Schönen guten Abend Community,

seit dem Update meiner Fritzbox auf OS 7.01 habe ich immernoch nicht das Problem lösen können das Port Forwarding einfach nicht funktionieren will. Egal was ich mache es will einfach nicht, vielleicht liegt es einfach daran dass die Oberfläche viel zu überladen ist oder ich weiß auch nicht.
Früher war das alles so einfach Ports eingestellt für den jeweiligen PC im Netz dann noch die Firewall und schon ging es. Selbst UPNP war damals noch einfacher.

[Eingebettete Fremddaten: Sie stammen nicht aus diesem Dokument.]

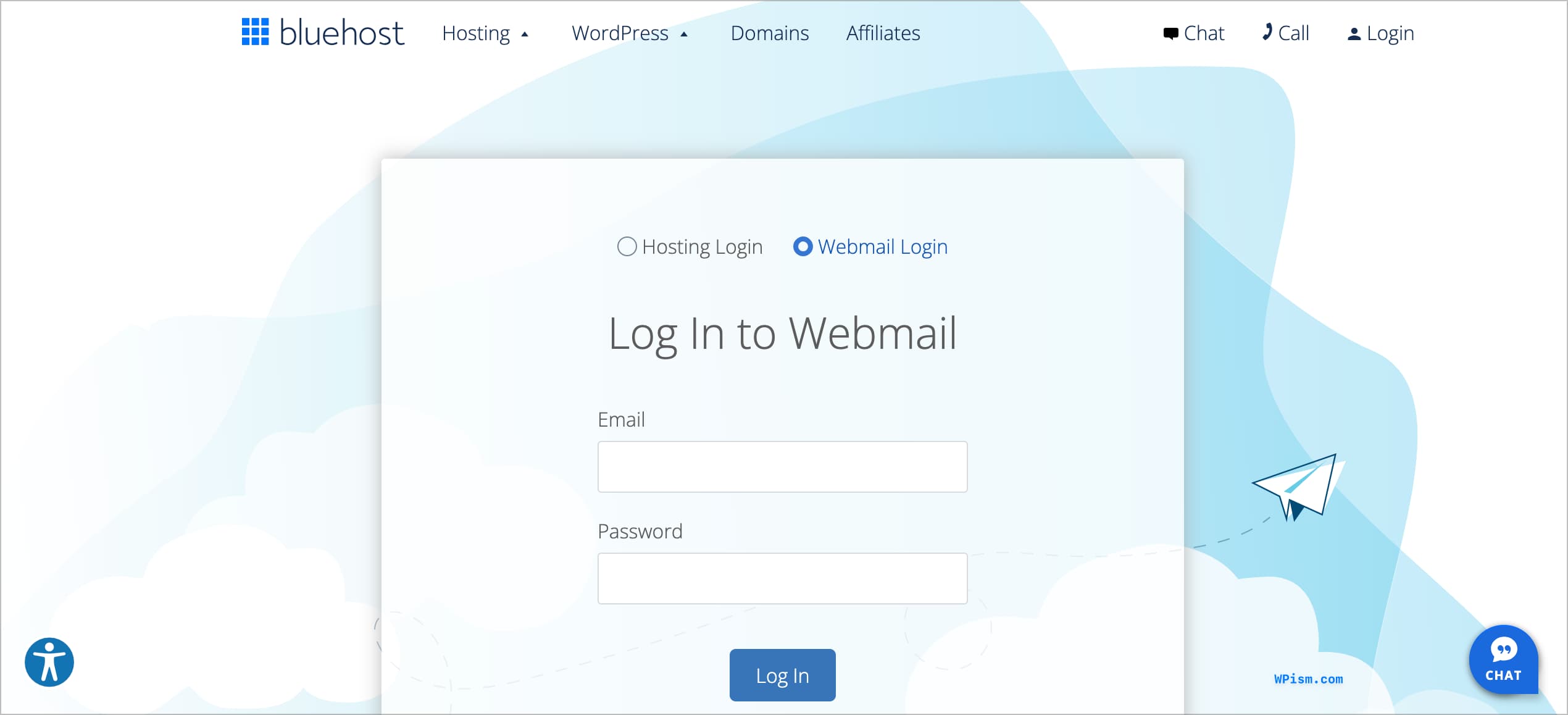 Bluehost Login into Webmail Account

Jetzt funktioniert davon überhaupt nichts mehr. Ports eingestellt für den richtigen PC, die dann anschließend auch grün angezeigt werden. Geht nicht.
UPNP so aktiviert wie es im FAQ beschrieben ist, geht nicht "Retroarch sagt dann anschließend Port Mapping Failed".

Selbst der Exposed Host will auch nicht funktionieren.

Ich blick einfach die Welt bei diesem Router nicht mehr.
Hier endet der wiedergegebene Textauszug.